Most strikingly absent from the constitutional reform process are the confidence-boosting elements of transparency, consultation, and broad-based public input. Thailand’s unfinished history of constitutional reform yields a fundamental lesson – consistent with international experience – that the most enduring constitutions are those that afford greatest scope for public review, input, and ownership. While the 1997 “People’s Constitution” was not perfect, the consultative process that informed that milestone charter set the benchmark for contemporary constitution making. In contrast, public confidence in the 2007 Constitution was compromised by its coup origins. The next constitution will inevitably be held to the standard of the 1997 charter, with public ownership and trust the key to its legitimacy and acceptance. The importance of public understanding and input has registered on young, tech-savvy innovators who have created social media platforms for debate on the draft constitution, but will the point register on those in authority?

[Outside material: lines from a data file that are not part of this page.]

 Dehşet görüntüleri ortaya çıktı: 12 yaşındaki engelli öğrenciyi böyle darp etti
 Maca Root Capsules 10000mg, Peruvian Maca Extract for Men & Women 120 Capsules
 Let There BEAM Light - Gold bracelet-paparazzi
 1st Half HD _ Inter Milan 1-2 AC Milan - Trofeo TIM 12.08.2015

Does room remain for the process to win public support?

One year on, concern is mounting that neither the reform roadmap nor international and domestic calls for a return to electoral democracy will yield an enduring political settlement. From low whispers to rising clamor, discussions turn from the promise of reform and reconciliation to a reckoning of present events as backward steps on an arduous path that will continue through the forthcoming election, successor constitutions, later elections, and a complex of uncertain political events to come, with the specter of metronome shifts between political crisis and stop-gap remedies, and repeated transitions between elected governments and authoritarian regimes that continue to fail the Thai people. For now, Thailand seems caught in a limbo state, recalling the words of English poet Matthew Arnold, whose timeless reflection on the crisis of faith and confidence that confronted the Victorian era might well have anticipated this beleaguered future nation: “wandering between two worlds, one dead; the other powerless to be born.”

Kim McQuay is The Asia Foundation’s country representative in Thailand. He can be reached at [email protected]. The views and opinions expressed here are those of the author and not those of The Asia Foundation.

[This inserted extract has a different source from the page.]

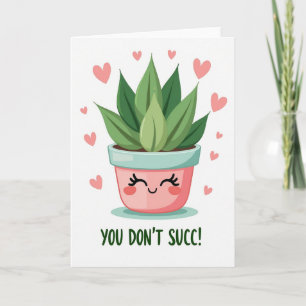 Funny Succulent Pun Love Card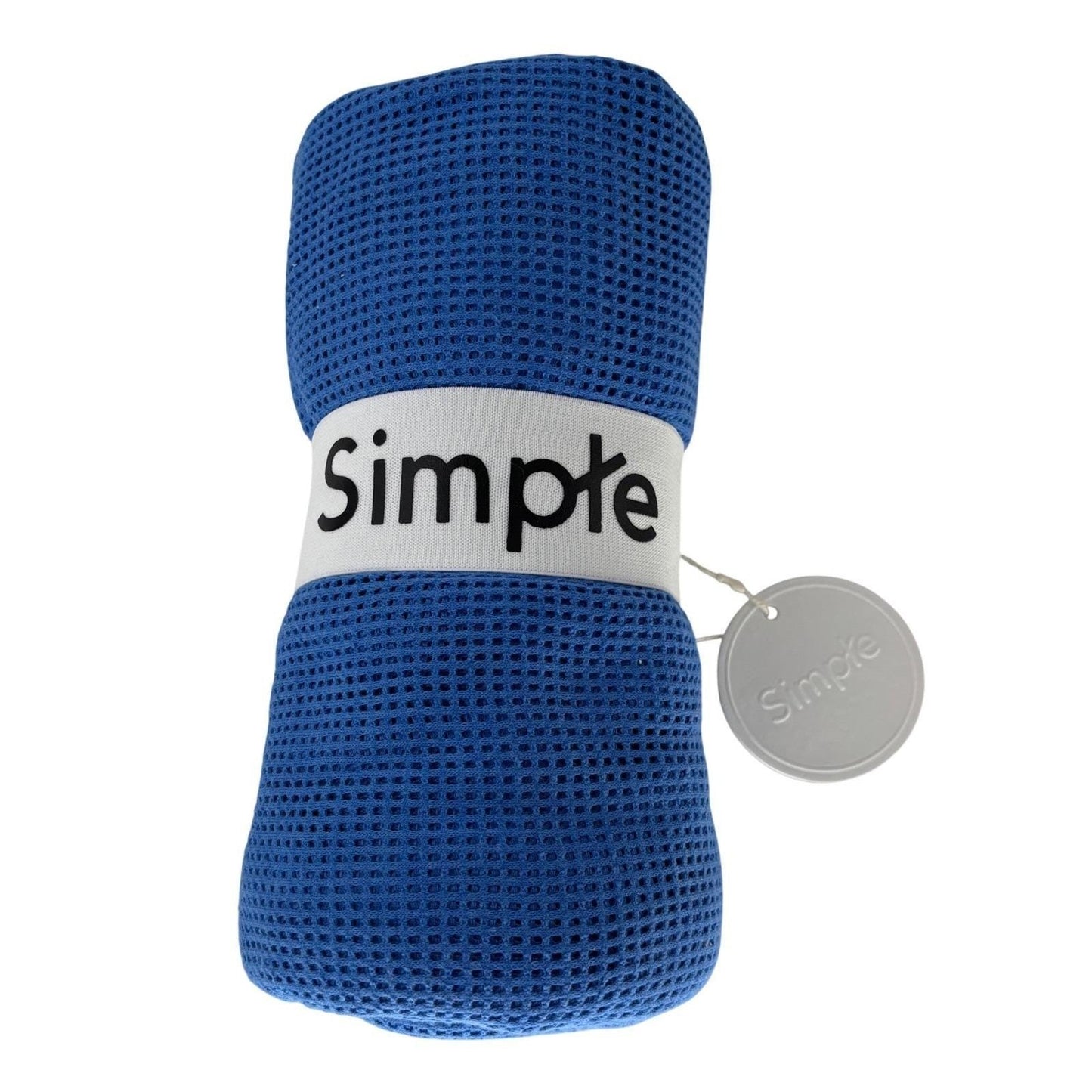 Simpłe Blue Waffle Knit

Related locations: Thailand
Related topics: Thai Elections, Thailand Coup, Thailand Protests


  1. This article states, incorrectly, that the protests were “triggered by the clandestine bid of Prime Minister Yingluck Shinawatra to pass a blanket amnesty bill”.

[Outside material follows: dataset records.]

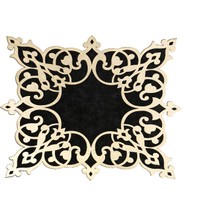 Diva home KADİFE ÜSTÜ DERİLİ TEKLİ TABAK ALTLIK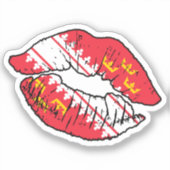 elsässische Liebe-Lipstick Aufkleber (Vorderseite)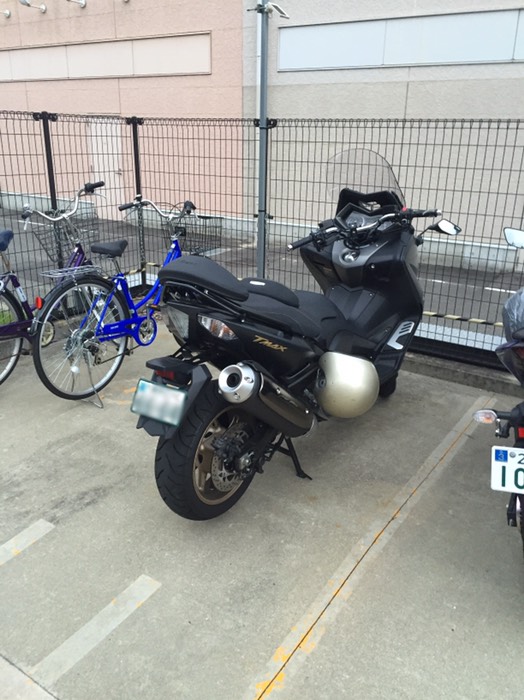 僕のバイクです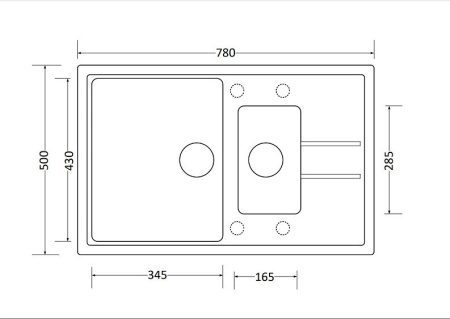 Кухонная мойка KUPPERSBERG MODENA 1,5B1D GREY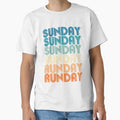 Sunday Runday Fitness Training T-Shirt - Graphic Print Men Women - T-Shirt, Sweatshirt, Hoodie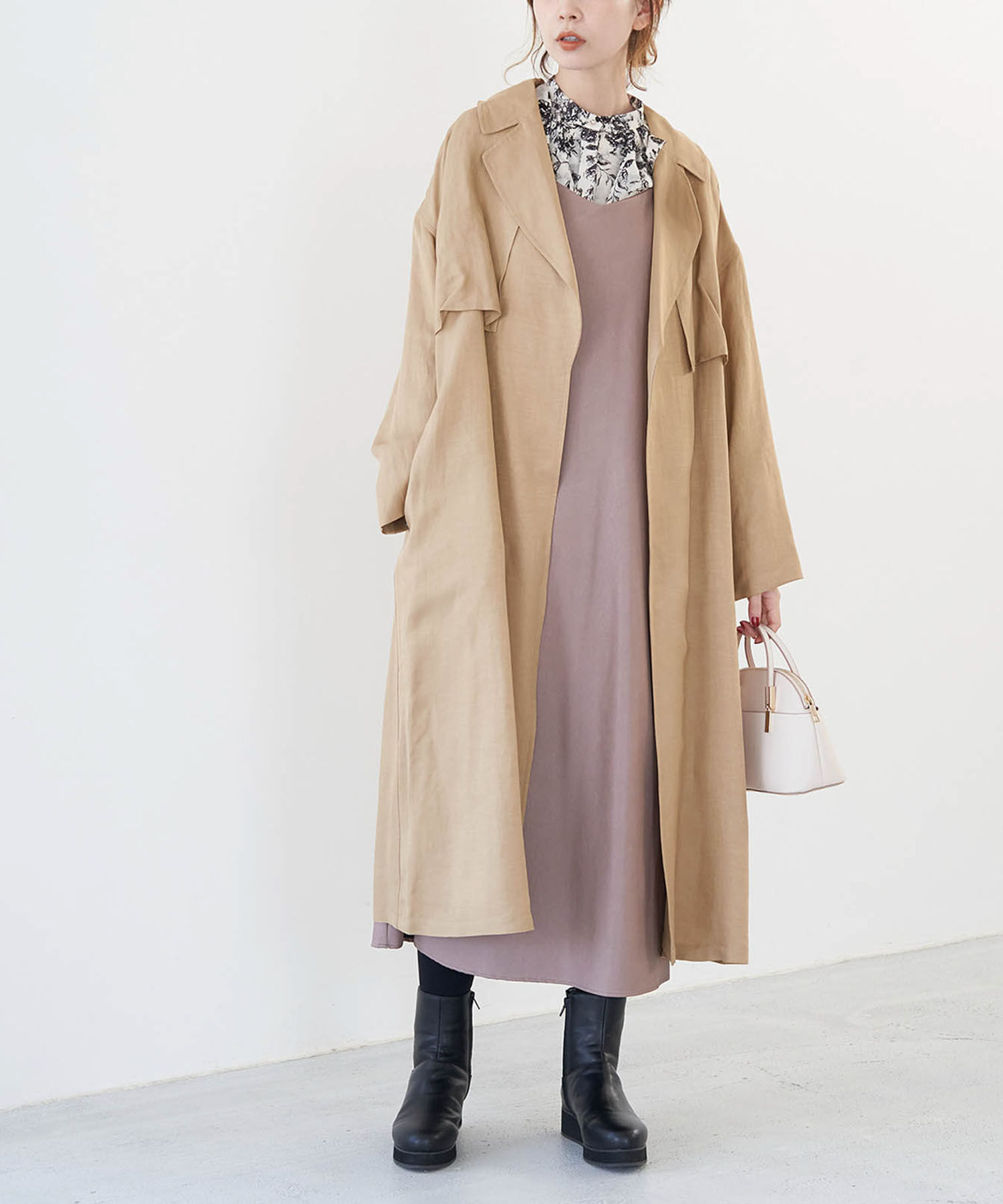 Rope&rsquo;Picnic「【emur】リネン混トレンチコート」|トレンチコート|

    First of all, it wasn’t clandestine at all and it’s very surprising to see AF get this most basic detail wrong. Secondly when the amnesty bill was dropped the protests ramped up with the key and explicit aim to be the complete overthrow of democracy not just Yingluck’s government. Thirdly these same protest groups had attempted to get a very similar protest off the ground in late 2012 under the name “Pitak Siam”. This was almost a year before the amnesty bill.

    The only way there will ever be a political and democratic settlement in Thailand is if the military are placed 100% under civilian control.

    All this talk of “reform” committees and constitutions is worthless until that takes place.

  2. Fair point. As the work of an elected Parliament, the Amnesty Bill and Senate change were technically not clandestine, but I used the term to convey the fact that Pheu Thai went out of their way to deflect attention, calling voting sessions late in the evening and such.

    Civilian control of the military—absolutely. Bring it on.

    As for the anti-government protest, it’s open to interpretation whether a sinister end game was clear to Mr. Suthep and his PDRC legions from the outset, or whether they were inventing as they went. While my blog piece leans decidedly in the direction of Dominic’s position, virtually every detail of Thai politics is open to debate, and there is little scope for perfect balance.